Sweden tested the Luger in 1904, along with all the major semiauto pistols available at the time. The Luger was found to be the most accurate gun in the trials, but expensive and not as reliable in cold weather as the Browning 1903 – which was formally adopted as the m/1907 a few years later and produced under license at Husqvarna. Fast-forward to the 1930s, and Sweden has begun to purchase batches of submachine guns in 9x19mm. Their Browning pistols are in 9×20 Browning, and it would make a lot of sense to standardize on just one 9mm pistol cartridge. In 1938/9, Sweden held a second set of trials with the Luger (the New Model this time) the Walther HP (P38) and the Finnish Lahti M35.
The Lugers in question were 300 guns purchased form Mauser.

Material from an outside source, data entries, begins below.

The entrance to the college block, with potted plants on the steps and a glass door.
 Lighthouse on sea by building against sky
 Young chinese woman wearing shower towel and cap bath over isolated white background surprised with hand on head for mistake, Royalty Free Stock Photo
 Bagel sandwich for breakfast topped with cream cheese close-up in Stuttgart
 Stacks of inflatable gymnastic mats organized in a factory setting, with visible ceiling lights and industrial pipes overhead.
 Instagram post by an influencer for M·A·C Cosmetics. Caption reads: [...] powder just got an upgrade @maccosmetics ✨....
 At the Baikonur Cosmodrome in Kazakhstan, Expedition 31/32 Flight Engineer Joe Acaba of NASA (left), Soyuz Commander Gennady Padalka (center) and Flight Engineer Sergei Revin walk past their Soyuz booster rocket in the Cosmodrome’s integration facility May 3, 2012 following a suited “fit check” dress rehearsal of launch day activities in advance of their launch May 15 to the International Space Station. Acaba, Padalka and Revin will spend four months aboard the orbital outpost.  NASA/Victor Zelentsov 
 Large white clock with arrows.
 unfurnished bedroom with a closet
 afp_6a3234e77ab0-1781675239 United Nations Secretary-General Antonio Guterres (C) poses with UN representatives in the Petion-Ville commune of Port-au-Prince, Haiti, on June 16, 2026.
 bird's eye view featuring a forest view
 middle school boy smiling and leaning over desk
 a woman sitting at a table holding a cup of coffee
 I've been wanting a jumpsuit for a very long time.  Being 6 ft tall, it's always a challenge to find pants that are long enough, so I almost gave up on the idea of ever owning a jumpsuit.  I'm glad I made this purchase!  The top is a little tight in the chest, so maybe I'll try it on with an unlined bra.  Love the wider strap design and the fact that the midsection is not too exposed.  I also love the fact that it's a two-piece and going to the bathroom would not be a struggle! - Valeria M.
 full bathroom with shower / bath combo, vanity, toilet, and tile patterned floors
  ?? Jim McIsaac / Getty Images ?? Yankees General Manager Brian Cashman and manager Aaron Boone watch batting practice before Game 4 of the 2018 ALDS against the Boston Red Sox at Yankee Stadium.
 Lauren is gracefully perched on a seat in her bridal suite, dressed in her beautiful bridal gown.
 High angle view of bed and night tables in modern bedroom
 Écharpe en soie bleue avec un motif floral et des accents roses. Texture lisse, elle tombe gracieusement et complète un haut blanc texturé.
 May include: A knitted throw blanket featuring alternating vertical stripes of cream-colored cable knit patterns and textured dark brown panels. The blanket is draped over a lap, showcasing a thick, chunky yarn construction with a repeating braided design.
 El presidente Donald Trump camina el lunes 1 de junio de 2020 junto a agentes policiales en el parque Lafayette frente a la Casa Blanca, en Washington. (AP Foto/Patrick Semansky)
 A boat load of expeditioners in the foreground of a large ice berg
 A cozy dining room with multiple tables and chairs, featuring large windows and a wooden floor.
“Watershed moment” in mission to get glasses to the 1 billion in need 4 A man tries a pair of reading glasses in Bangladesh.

They were all 1938 dated, with 275 in 9mm Luger with 4 3/4 inch barrels and 25 guns with 4 inch barrel chambered for .30 Luger. They did not receive and specifically Swedish markings, and can be identified only by serial number – 5700v to 6000v. Interestingly, the 9mm ones have salt-blued barrels but the other parts rust-blued (except for the small parts that were normally strawed).
The late 1930s testing once again found the Luger to be the most accurate pistol, but it was still expensive. A purchase of 1500 Walther HP pistols was made, but the outbreak of war interrupted the supply from Germany. Instead, the Lahti was adopted at the m/40 pistol, and produced in large numbers at Husqvarna as the Browning had been before it.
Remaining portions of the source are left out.